Todos le dijeron que dijese lo que quisiese, que de buena gana le escucharían.
Don Quijote, con esta licencia, prosiguió diciendo:
-Yo, señores míos, soy caballero andante, cuyo ejercicio es el de las
armas, y cuya profesión, la de favorecer a los necesitados de favor y acudir
a los menesterosos. Días ha que he sabido vuestra desgracia y la causa que
os mueve a tomar las armas a cada paso, para vengaros de vuestros enemigos; y habiendo
discurrido una y muchas veces en mi entendimiento sobre vuestro negocio, hallo, según
las leyes del duelo, que estáis engañados en teneros por afrentados,
porque ningún particular puede afrentar a un pueblo entero, si no es retándole
de traidor por junto, porque no sabe en particular quién cometió la
traición por que le reta. Ejemplo desto tenemos en don Diego Ordóñez
de Lara, que retó a todo el pueblo zamorano porque ignoraba que solo Vellido
Dolfos había cometido la traición de matar a su rey, y, así,
retó a todos, y a todos tocaba la venganza y la respuesta; aunque bien es
verdad que el señor don Diego anduvo algo demasiado y aun pasó muy
adelante de los límites del reto, porque no tenía para qué retar
a los muertos, a las aguas, ni a los panes, ni a los que estaban por nacer, ni a
las otras menudencias que allí se declaran; pero vaya, pues cuando la cólera
sale de madre, no tiene la lengua padre, ayo ni freno que la corrija. Siendo, pues,
esto así, que uno solo no puede afrentar a reino, provincia, ciudad, república,
ni pueblo entero, queda en limpio que no hay para qué salir a la venganza
del reto de la tal afrenta, pues no lo es; porque ¡bueno sería que se
matasen a cada paso los del pueblo de la Reloja con quien se lo llama, ni los cazoleros,
berenjeneros, ballenatos, jaboneros, ni los de otros nombres y apellidos que andan
por ahí en boca de los muchachos y de gente de poco más a menos! ¡Bueno
sería, por cierto, que todos estos insignes pueblos se corriesen y vengasen
y anduviesen contino hechas las espadas sacabuches a cualquier pendencia, por pequeña
que fuese! ¡No, no, ni Dios lo permita o quiera!
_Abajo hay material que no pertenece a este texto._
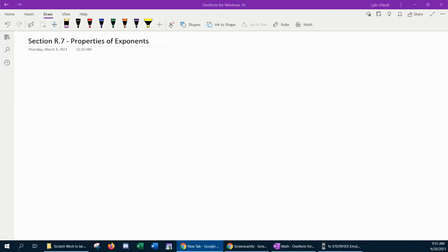Hello and welcome to our lesson on properties of exponents. This is going to be from section R.7 in our text. The first thing we're going to do is look at some formulas for several properties of exponents, and then we're going to jump into the examples.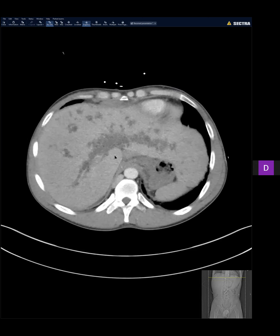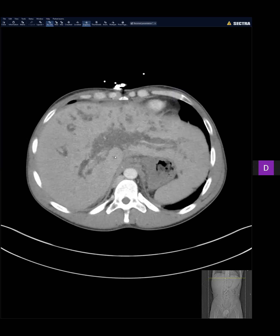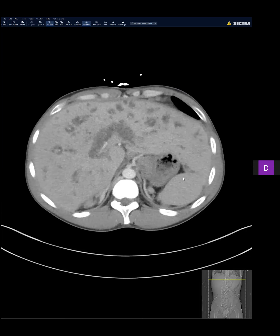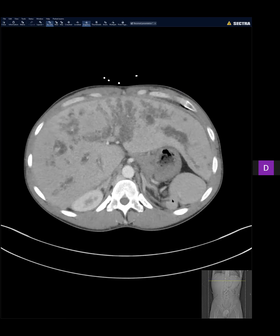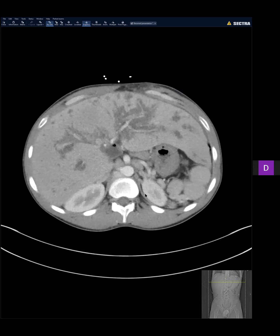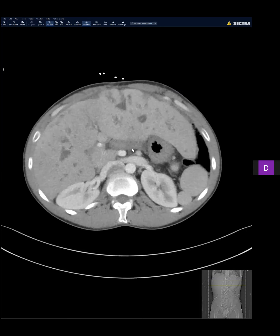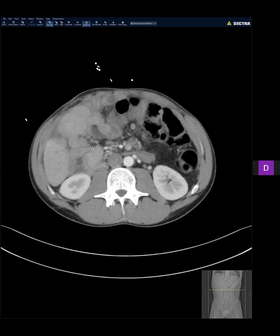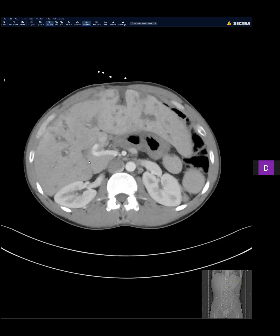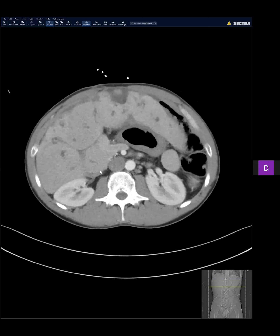There is polysplenia and malrotation. The SMV is on the left. Subnormal pancreatic tissue — they called this a mass at an outside hospital, but I think it's just the pancreas.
Los varones prudentes, las
repúblicas bien concertadas, por cuatro cosas han de tomar las armas y desenvainar
las espadas y poner a riesgo sus personas, vidas y haciendas: la primera, por defender
la fe católica; la segunda, por defender su vida, que es de ley natural y
divina; la tercera, en defensa de su honra, de su familia y hacienda; la cuarta,
en servicio de su rey en la guerra justa; y si le quisiéremos añadir
la quinta, que se puede contar por segunda, es en defensa de su patria. A estas cinco
causas, como capitales, se pueden agregar algunas otras que sean justas y razonables
y que obliguen a tomar las armas, pero tomarlas por niñerías y por
cosas que antes son de risa y pasatiempo que de afrenta, parece que quien las toma
carece de todo razonable discurso; cuanto más que el tomar venganza injusta,
que justa no puede haber alguna que lo sea, va derechamente contra la santa ley que
profesamos, en la cual se nos manda que hagamos bien a nuestros enemigos y que amemos
a los que nos aborrecen, mandamiento que aunque parece algo dificultoso de cumplir,
no lo es sino para aquellos que tienen menos de Dios que del mundo y más de
carne que de espíritu; porque Jesucristo, Dios y hombre verdadero, que nunca
mintió, ni pudo ni puede mentir, siendo legislador nuestro, dijo que su yugo
era suave y su carga liviana, y, así, no nos había de mandar cosa que
fuese imposible el cumplirla. Así que, mis señores, vuesas mercedes
están obligados por leyes divinas y humanas a sosegarse.
-El diablo me lleve -dijo a esta sazón Sancho entre sí- si este mi
amo no es tólogo, y si no lo es, que lo parece como un güevo a otro.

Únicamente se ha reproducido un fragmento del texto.